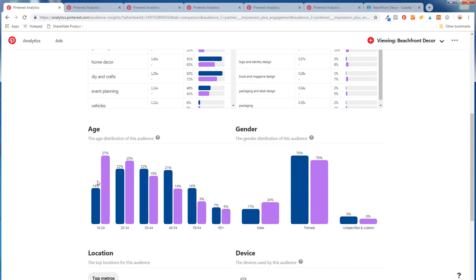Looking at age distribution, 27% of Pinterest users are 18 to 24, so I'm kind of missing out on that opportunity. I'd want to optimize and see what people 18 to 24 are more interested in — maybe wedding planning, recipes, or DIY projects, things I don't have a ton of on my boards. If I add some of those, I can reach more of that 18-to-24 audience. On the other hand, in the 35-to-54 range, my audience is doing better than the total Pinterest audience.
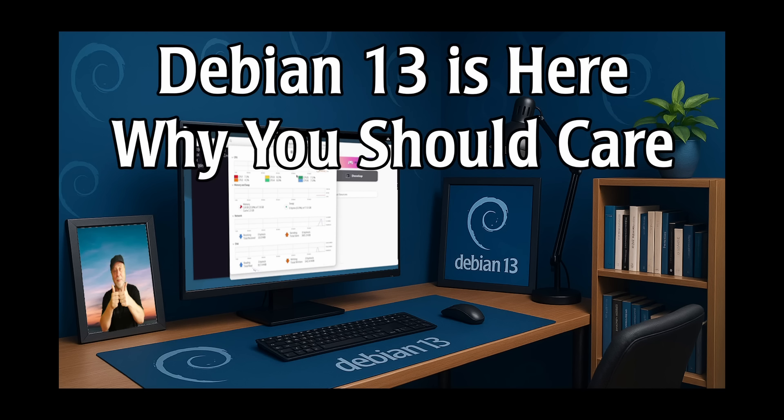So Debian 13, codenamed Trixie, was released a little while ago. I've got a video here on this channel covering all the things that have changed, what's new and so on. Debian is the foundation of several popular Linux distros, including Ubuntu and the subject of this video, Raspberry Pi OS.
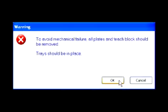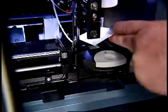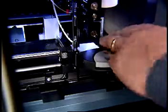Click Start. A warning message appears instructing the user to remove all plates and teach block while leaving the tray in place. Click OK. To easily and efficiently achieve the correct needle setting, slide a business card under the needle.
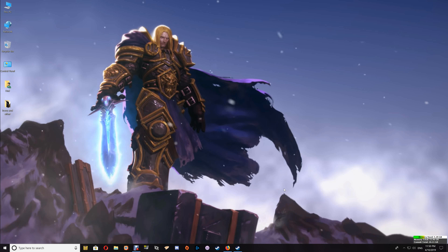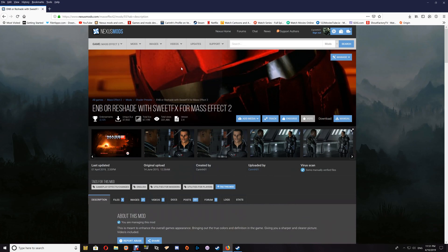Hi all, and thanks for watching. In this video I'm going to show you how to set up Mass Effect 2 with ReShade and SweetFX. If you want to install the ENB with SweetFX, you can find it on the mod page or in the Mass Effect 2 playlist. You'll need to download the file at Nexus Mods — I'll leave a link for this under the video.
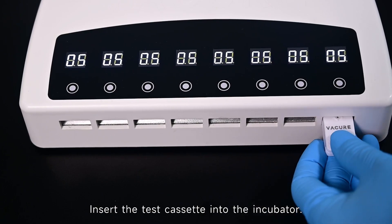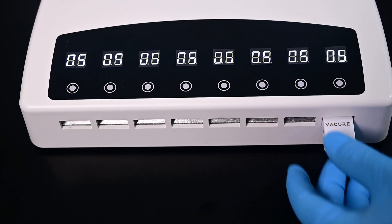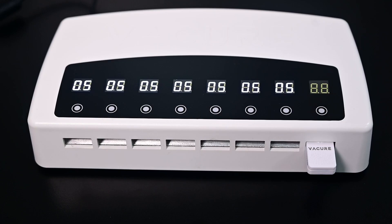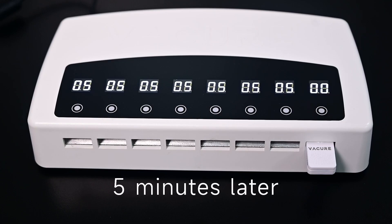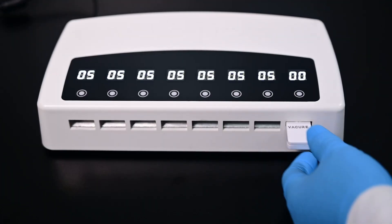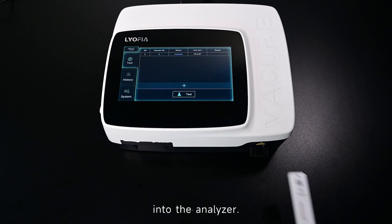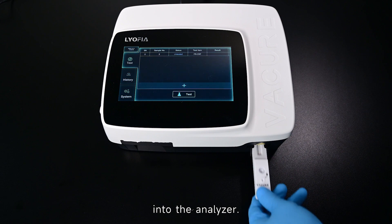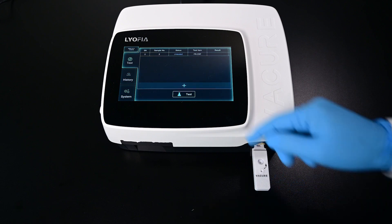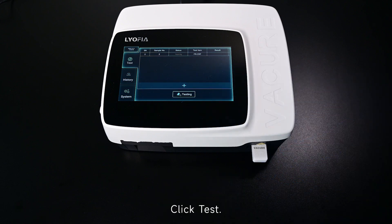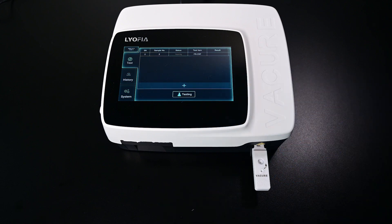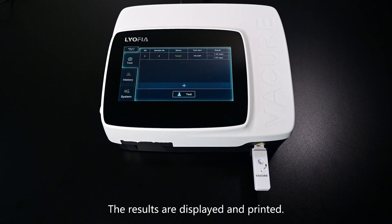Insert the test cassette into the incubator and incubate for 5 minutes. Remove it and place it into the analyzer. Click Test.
= = = = = = =
▸ Task to complete
Instruction for this listing: copy it exactly, but leave the images behind.

▸ Written reply
Looking at age distribution, 27% of Pinterest users are 18 to 24, so I'm kind of missing out on that opportunity. I'd want to optimize and see what people 18 to 24 are more interested in — maybe wedding planning, recipes, or DIY projects, things I don't have a ton of on my boards. If I add some of those, I can reach more of that 18-to-24 audience. On the other hand, in the 35-to-54 range, my audience is doing better than the total Pinterest audience.
So Debian 13, codenamed Trixie, was released a little while ago. I've got a video here on this channel covering all the things that have changed, what's new and so on. Debian is the foundation of several popular Linux distros, including Ubuntu and the subject of this video, Raspberry Pi OS.
Click Start. A warning message appears instructing the user to remove all plates and teach block while leaving the tray in place. Click OK. To easily and efficiently achieve the correct needle setting, slide a business card under the needle.
Hi all, and thanks for watching. In this video I'm going to show you how to set up Mass Effect 2 with ReShade and SweetFX. If you want to install the ENB with SweetFX, you can find it on the mod page or in the Mass Effect 2 playlist. You'll need to download the file at Nexus Mods — I'll leave a link for this under the video.
Insert the test cassette into the incubator and incubate for 5 minutes. Remove it and place it into the analyzer. Click Test.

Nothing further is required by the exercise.